Jakarta (tutur.co.id)- Prestasi atlet disabilitas Nasional di hari pertama ASEAN Para Games (APG) 2025, Rabu (21/1/2026) membanggakan. Klasemen sementara, Indonesia berhasil menduduki ranking dua dibawah Vietnam.
ASEAN Para Games (APG) 2025 diselenggarakan di Thailand. Mulai 20-26 Januari 2026. Apa sebenarnya pembeda ASEAN Para Games dibandingkan kompetisi olahraga lainnya?
Berikut fakta ASEAN Para Games (APG)
Konsep
ASEAN Para Games (APG) adalah ajang olahraga multicabang bagi atlet disabilitas dari negara-negara Asia Tenggara, yang mengusung konsep semangat kesetaraan atau inklusivitas dan kebanggaan bersama di kawasan tersebut.

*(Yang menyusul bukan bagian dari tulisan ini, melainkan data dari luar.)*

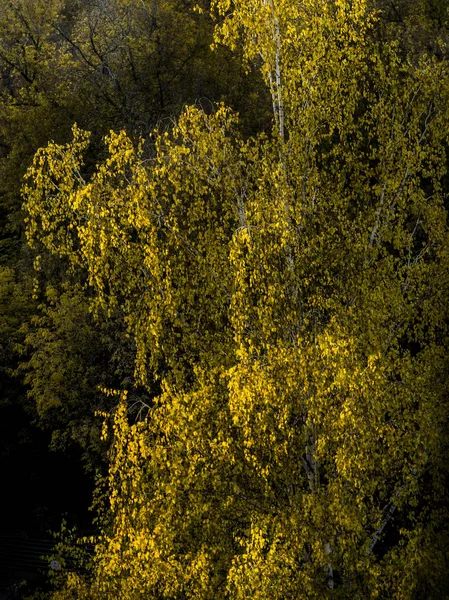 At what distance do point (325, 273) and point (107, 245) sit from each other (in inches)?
142

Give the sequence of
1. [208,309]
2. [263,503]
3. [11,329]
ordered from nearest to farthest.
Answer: [263,503]
[208,309]
[11,329]

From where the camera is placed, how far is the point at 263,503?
1261 cm

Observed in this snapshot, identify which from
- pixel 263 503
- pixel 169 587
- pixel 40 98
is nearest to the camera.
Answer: pixel 169 587

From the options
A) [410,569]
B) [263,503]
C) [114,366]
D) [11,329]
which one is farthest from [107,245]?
[11,329]

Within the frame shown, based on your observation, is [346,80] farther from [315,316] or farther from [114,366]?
[114,366]

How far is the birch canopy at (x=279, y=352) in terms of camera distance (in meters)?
11.0

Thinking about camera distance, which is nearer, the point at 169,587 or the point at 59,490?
the point at 169,587

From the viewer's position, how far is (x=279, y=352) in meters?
11.1

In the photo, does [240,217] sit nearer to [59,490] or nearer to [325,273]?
[325,273]

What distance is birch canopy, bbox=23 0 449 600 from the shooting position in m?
11.0

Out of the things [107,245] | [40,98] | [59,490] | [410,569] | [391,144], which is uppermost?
[391,144]

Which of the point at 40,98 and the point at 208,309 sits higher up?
the point at 208,309

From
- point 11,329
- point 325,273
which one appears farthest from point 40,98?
point 325,273

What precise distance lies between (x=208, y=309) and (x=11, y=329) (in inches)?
532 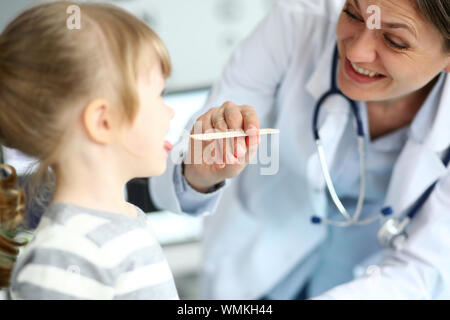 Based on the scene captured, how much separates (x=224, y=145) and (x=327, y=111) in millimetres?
341

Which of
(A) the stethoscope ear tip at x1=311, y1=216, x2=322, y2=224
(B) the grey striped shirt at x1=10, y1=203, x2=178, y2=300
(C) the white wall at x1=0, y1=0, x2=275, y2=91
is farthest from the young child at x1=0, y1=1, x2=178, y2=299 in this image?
(C) the white wall at x1=0, y1=0, x2=275, y2=91

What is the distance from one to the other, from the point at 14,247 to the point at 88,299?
0.20 meters

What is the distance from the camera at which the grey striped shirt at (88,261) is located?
54cm

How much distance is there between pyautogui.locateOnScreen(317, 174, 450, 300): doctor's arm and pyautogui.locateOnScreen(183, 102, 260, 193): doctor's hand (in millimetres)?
373

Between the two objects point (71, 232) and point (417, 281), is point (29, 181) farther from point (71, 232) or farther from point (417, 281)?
point (417, 281)

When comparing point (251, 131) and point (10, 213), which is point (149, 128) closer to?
point (251, 131)

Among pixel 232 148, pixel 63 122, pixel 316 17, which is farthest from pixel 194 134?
pixel 316 17

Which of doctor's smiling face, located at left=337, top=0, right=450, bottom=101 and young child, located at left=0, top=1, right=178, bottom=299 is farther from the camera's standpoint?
doctor's smiling face, located at left=337, top=0, right=450, bottom=101

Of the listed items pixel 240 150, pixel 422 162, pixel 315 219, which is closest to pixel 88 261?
pixel 240 150

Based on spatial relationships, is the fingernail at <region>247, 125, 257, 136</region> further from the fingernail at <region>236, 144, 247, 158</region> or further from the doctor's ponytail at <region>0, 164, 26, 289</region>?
the doctor's ponytail at <region>0, 164, 26, 289</region>

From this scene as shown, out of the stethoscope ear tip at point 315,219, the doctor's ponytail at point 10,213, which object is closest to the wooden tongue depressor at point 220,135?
the doctor's ponytail at point 10,213

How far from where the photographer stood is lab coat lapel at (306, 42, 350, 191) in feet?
3.25

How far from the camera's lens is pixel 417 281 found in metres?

Tuan Rumah dan Waktu Pelaksanaan
ASEAN Para Games (APG) merupakan perhelatan dua tahunan, dan biasanya diadakan di tempat atau negara yang sama dengan pelaksanaan SEA Games.
Partisipan
Peserta ajang ini tentu saha atlet yang mewakili 11 negara di Asia Tenggara yaitu Thailand, Indonesia, Brunei Darussalam, Malaysia, Singapura, Timor Leste, Filipina, Kamboja, Vietnam, Laos, dan Myanmar.
Cabang Olahraga yang Dipertandingkan
ASEAN Para Games (APG) mempertandingkan berbagai cabang olahraga disabilitas, di antaranya atletik, renang, bulu tangkis, tenis meja, boccia, sepak bola cerebral palsy (CP), dan basket kursi roda.
Prestasi Indonesia
Tim Indonesia berhasil meraih hattrick, tiga kali berturut menjadi juara umum pada tahun 2017, 2022, 2023.
Melalui ajang ASEAN Para Games (APG) , atlet disabilitas dapat mencapai kesetaraan sekaligus menjadi kebanggaan negara.